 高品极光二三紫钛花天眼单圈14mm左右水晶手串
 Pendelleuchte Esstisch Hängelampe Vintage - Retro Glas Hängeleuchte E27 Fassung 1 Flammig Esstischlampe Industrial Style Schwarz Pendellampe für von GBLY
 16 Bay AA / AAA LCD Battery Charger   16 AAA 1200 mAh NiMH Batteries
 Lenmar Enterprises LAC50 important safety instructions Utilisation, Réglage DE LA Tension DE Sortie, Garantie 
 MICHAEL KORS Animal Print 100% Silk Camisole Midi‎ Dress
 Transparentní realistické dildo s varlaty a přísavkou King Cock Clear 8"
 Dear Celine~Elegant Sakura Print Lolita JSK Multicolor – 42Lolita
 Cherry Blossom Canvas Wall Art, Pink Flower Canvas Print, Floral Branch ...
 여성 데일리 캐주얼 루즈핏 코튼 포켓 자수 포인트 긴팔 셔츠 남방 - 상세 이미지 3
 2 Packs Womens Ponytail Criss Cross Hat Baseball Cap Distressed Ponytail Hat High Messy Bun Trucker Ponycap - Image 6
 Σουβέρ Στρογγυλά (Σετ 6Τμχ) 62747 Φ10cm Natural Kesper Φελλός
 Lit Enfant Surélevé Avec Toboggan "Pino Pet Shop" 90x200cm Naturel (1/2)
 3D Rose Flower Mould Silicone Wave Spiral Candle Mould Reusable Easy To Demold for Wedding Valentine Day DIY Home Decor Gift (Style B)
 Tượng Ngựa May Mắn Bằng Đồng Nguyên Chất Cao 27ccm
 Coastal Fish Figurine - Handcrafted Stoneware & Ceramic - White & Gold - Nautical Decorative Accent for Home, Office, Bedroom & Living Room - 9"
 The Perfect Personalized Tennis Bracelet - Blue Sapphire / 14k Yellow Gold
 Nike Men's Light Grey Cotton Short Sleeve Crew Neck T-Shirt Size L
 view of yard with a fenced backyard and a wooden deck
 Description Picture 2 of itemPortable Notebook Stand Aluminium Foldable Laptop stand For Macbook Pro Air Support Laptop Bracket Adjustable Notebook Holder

The problem
The answer should reproduce all of the data without any alteration.

Exercise solution
 高品极光二三紫钛花天眼单圈14mm左右水晶手串
 Pendelleuchte Esstisch Hängelampe Vintage - Retro Glas Hängeleuchte E27 Fassung 1 Flammig Esstischlampe Industrial Style Schwarz Pendellampe für von GBLY
 16 Bay AA / AAA LCD Battery Charger   16 AAA 1200 mAh NiMH Batteries
 Lenmar Enterprises LAC50 important safety instructions Utilisation, Réglage DE LA Tension DE Sortie, Garantie 
 MICHAEL KORS Animal Print 100% Silk Camisole Midi‎ Dress
 Transparentní realistické dildo s varlaty a přísavkou King Cock Clear 8"
 Dear Celine~Elegant Sakura Print Lolita JSK Multicolor – 42Lolita
 Cherry Blossom Canvas Wall Art, Pink Flower Canvas Print, Floral Branch ...
 여성 데일리 캐주얼 루즈핏 코튼 포켓 자수 포인트 긴팔 셔츠 남방 - 상세 이미지 3
 2 Packs Womens Ponytail Criss Cross Hat Baseball Cap Distressed Ponytail Hat High Messy Bun Trucker Ponycap - Image 6
 Σουβέρ Στρογγυλά (Σετ 6Τμχ) 62747 Φ10cm Natural Kesper Φελλός
 Lit Enfant Surélevé Avec Toboggan "Pino Pet Shop" 90x200cm Naturel (1/2)
 3D Rose Flower Mould Silicone Wave Spiral Candle Mould Reusable Easy To Demold for Wedding Valentine Day DIY Home Decor Gift (Style B)
 Tượng Ngựa May Mắn Bằng Đồng Nguyên Chất Cao 27ccm
 Coastal Fish Figurine - Handcrafted Stoneware & Ceramic - White & Gold - Nautical Decorative Accent for Home, Office, Bedroom & Living Room - 9"
 The Perfect Personalized Tennis Bracelet - Blue Sapphire / 14k Yellow Gold
 Nike Men's Light Grey Cotton Short Sleeve Crew Neck T-Shirt Size L
 view of yard with a fenced backyard and a wooden deck
 Description Picture 2 of itemPortable Notebook Stand Aluminium Foldable Laptop stand For Macbook Pro Air Support Laptop Bracket Adjustable Notebook Holder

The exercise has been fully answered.